# [Description of the task]
The line holding "MITSUBISHI OUTLANDER PHEV, kuva 1" and all lines that follow it to the end of the data: return these exactly, and nothing more.

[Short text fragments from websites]

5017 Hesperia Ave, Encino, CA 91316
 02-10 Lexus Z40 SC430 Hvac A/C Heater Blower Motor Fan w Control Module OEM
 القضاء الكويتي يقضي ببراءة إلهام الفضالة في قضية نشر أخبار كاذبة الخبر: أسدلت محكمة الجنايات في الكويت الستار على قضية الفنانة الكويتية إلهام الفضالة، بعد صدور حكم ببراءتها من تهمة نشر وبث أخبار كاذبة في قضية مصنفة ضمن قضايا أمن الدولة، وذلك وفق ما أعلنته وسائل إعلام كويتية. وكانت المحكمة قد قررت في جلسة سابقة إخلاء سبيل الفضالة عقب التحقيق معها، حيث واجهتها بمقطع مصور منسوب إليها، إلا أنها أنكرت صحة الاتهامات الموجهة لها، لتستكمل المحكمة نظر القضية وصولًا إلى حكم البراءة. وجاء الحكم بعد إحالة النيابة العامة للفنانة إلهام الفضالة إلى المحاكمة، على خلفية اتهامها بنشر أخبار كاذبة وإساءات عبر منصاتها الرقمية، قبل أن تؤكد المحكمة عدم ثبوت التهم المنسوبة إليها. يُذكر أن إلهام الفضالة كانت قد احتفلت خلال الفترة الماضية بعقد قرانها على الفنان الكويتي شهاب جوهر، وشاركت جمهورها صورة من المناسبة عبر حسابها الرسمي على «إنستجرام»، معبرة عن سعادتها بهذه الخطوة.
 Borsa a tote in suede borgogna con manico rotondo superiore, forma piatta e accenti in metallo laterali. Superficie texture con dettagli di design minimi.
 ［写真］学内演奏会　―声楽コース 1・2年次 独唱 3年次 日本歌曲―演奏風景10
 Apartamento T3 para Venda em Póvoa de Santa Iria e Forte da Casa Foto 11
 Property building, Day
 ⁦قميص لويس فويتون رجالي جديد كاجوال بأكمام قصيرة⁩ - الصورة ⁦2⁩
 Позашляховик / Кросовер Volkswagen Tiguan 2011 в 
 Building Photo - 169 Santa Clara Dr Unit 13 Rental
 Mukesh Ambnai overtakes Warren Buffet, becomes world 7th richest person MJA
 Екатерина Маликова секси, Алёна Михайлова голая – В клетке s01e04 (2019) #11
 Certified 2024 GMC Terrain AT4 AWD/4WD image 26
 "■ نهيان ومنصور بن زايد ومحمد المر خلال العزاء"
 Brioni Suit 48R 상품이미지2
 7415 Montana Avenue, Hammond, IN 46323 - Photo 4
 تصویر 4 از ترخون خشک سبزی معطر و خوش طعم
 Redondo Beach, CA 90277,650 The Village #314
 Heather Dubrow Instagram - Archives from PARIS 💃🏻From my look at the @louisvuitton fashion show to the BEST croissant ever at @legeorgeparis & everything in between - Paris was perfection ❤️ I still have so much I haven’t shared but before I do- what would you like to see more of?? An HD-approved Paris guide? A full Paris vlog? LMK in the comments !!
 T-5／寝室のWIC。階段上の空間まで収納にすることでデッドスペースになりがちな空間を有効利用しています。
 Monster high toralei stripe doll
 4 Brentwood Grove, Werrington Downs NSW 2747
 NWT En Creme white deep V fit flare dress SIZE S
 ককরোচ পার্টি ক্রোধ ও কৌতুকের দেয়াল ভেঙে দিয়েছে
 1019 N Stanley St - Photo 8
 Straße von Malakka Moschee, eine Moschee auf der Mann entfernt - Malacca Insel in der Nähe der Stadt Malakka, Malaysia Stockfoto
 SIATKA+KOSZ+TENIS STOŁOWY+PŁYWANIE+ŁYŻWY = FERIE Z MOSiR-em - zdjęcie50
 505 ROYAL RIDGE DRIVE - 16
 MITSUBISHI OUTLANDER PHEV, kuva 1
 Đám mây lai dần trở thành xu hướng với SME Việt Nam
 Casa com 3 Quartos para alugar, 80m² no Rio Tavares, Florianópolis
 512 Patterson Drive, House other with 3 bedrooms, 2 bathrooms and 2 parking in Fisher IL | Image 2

# [Solution to this problem]
 MITSUBISHI OUTLANDER PHEV, kuva 1
 Đám mây lai dần trở thành xu hướng với SME Việt Nam
 Casa com 3 Quartos para alugar, 80m² no Rio Tavares, Florianópolis
 512 Patterson Drive, House other with 3 bedrooms, 2 bathrooms and 2 parking in Fisher IL | Image 2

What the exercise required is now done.